Mindekirken September 14, 2003
Pastor Jens Arne Dale

Look and live

John 3.13-17 and Numbers 21.4-9

The sun rises over a dry desert landscape. There is sand as far as one can see. It’s going to get hot….

What is this? A tent here in the middle of the desert? There are a lot of tents. Do they belong to Boy Scouts? Let’s go into one of them and see what we find…

Here young Joshua is lying asleep. Now he wakes up. He is excited, what will this day bring? Yesterday there was a riot at the camp. People complained. They couldn’t stand to follow Moses any more. Here in the desert they had poor food and hardly any water: Let’s go back to the flesh pots in Egypt. To slave for the pharaoh was better than this…

Joshua goes out of the tent. He sees something wriggle along the tent, it’s a snake. If I had been there I would have screamed. Some days ago I jogged along the Minnesota River, and I had to jump over three snakes. I screamed. Afterwards I screamed at a lot at tree roots as well. Joshua, however, is not afraid. One can play with snakes. Suddenly he sees one more, and then several more. The camp ground is full of snakes. All in a sudden he feels a bite in his foot. A numb feeling spreads in his body. He’s been bitten. Will he die?

Joshua drags himself to the marketplace in the middle of the camp. It’s packed. People are afraid. Yesterday they had cursed Moses. Today they’re praying intensely for help. Moses is standing among them. He has already prayed to God for mercy for his people. What does he lift up on a stick at the marketplace?
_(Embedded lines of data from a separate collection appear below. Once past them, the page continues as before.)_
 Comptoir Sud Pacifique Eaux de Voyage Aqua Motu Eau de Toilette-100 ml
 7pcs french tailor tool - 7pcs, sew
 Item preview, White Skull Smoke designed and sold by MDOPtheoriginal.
A poisonous serpent. Look at it and you will live, Moses says.

Some poke fun at Moses. They would rather fight against the snake than doing this silly thing, but many of them die. Others believe in Moses. They look at the serpent and survive even if they are bitten.

This strange story was repeated by Jesus in a nightly conversation with Nicodemus: Just as Moses lifted up the serpent in the wilderness, so must the Son of Man be lifted up, that whoever believes in him may have eternal life, John 3.14.
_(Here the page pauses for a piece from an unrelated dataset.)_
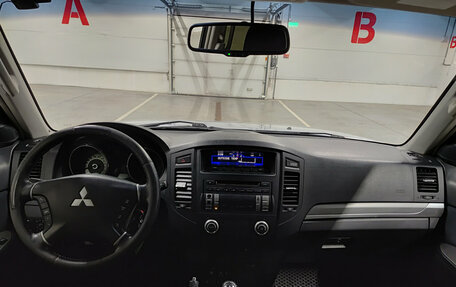 Mitsubishi Pajero IV, 2007 год, 1 321 950 рублей, 17 фотография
But we're not bitten by snakes? The snake is the temptation of the Garden of Eden. It represents sin. And due to the fact that none of us manage to keep God’s commandments, we all deserve to die. The wages of sin is death, Rom 6.23.

To fight against the snakes, that means to try to avoid sinning. That’s as difficult as pulling oneself up by the hair. It simply doesn’t work to try to save oneself.

Salvation comes when we look at Jesus. See the cross. ..He made him to be sin who knew no sin, so that in him we might become the righteousness of God. 2 Cor 5.21.

To believe is to see Jesus. ..All who see the Son and believe in him may have eternal life.. John 6.40.